The Grammys’ New Rules Confirm Anyone Can Be a ‘Best New Artist’
In 2017, when Chance the Rapper walked triumphantly onto the stage at the Grammys to accept his award as that year’s Best New Artist, he was wearing a tab baseball cap emblazoned with the number “3” — a reference to how many full-length projects he’d released. Last year, Lizzo was nominated for the same award, in large part due to her breakout song “Truth Hurts,” which was released in 2017. Seemingly every year, the nominees for Best New Artist are peppered with artists who are decidedly not new, often prompting debate among music fans. On Wednesday, the Recording Academy made it clear that this would not be changing.
In an announcement detailing changes to the Academy’s lexicon — “urban” gets replaced with “progressive,” “Best Rap/Sung Performance” is now “Best Melodic Rap Performance” — it also adjusted its ruling on what, exactly, constitutes a new artist. At the 63rd Grammy Awards, the “Best New Artist” category will no longer be held to a “specified maximum number of releases. Instead, “screening committees will determine whether the artist had attained a breakthrough or prominence prior to the eligibility year.” The “new” in “Best New Artist” will seemingly be the least important part of the phrase.

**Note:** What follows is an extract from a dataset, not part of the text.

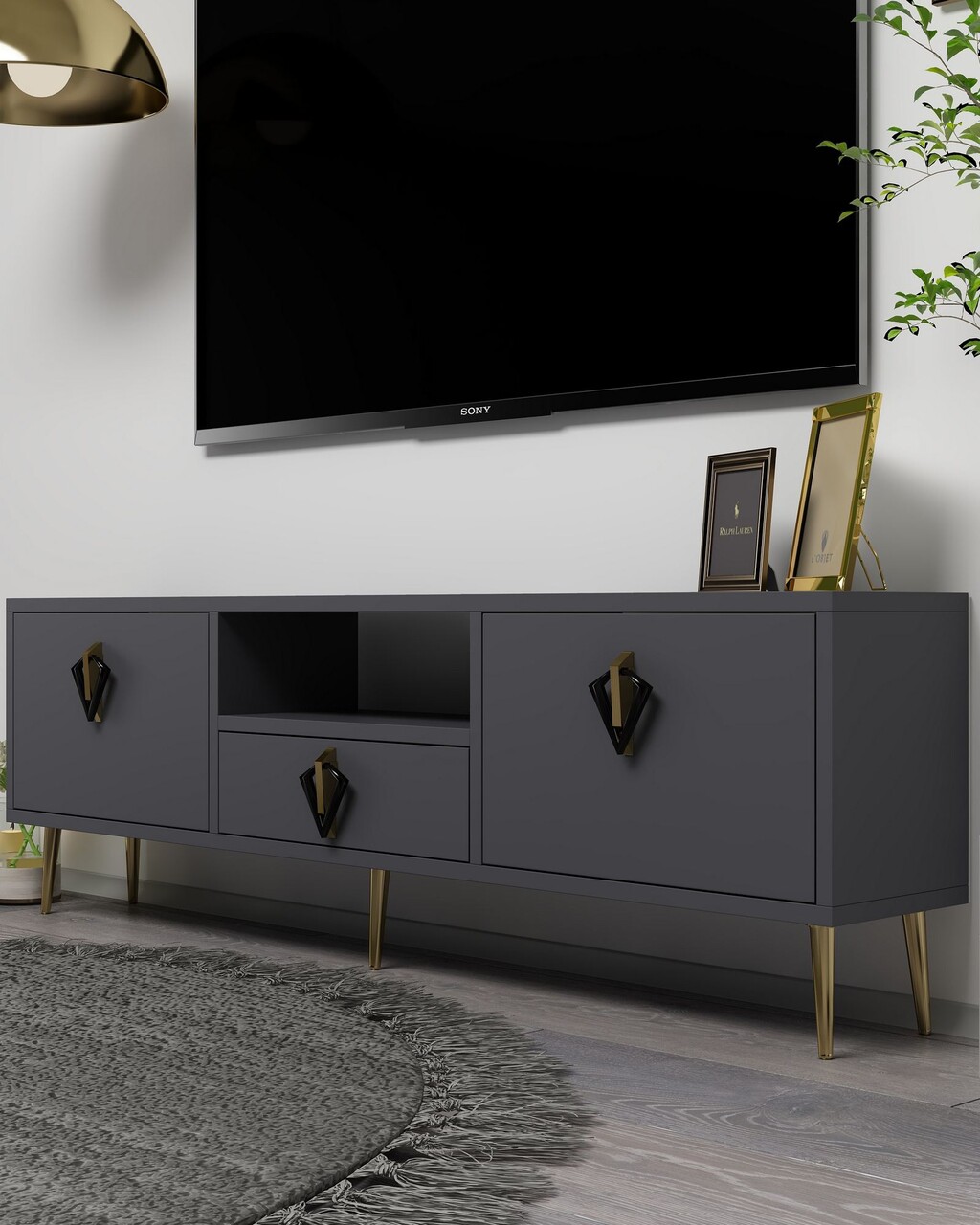 Comoda TV, Hanah Home, 1312-DROP-32, 140x45x30 cm, PAL , Antracit / Negru / Auriu - view 2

For the past decade, the Recording Academy has tinkered with what it means to be a “Best New Artist.” After Lady Gaga was ineligible for the award in 2010 after being nominated for Best Dance Recording in 2009, the rules were updated the next year. “By current rules, if the other artist’s album or the new artist’s single receives a nomination, the new artist may never have the opportunity to compete in the best new artist category,” the Academy said in 2010. “With this change, each artist will have at least one opportunity to enter in this important and highly visible category.”
Six years later, the rules were amended again, “to remove the album barrier given current trends in how new music and developing artists are released and promoted.” Now the eligibility requirements mean that new artists “must have released a minimum of five singles/tracks or one album, but no more than 30 singles/tracks or three albums.” It’s what allowed artists like Chance The Rapper and Dua Lipa to take home “Best New Artist” trophies, despite releasing multiple bodies of work that were widely consumed prior to their victory.
It’s uncertain if this change will open the floodgates for a host of decidedly not-new artists looking for the bump a Grammy nomination entails. When the goalposts keep moving, it becomes hard to tell what a win really means.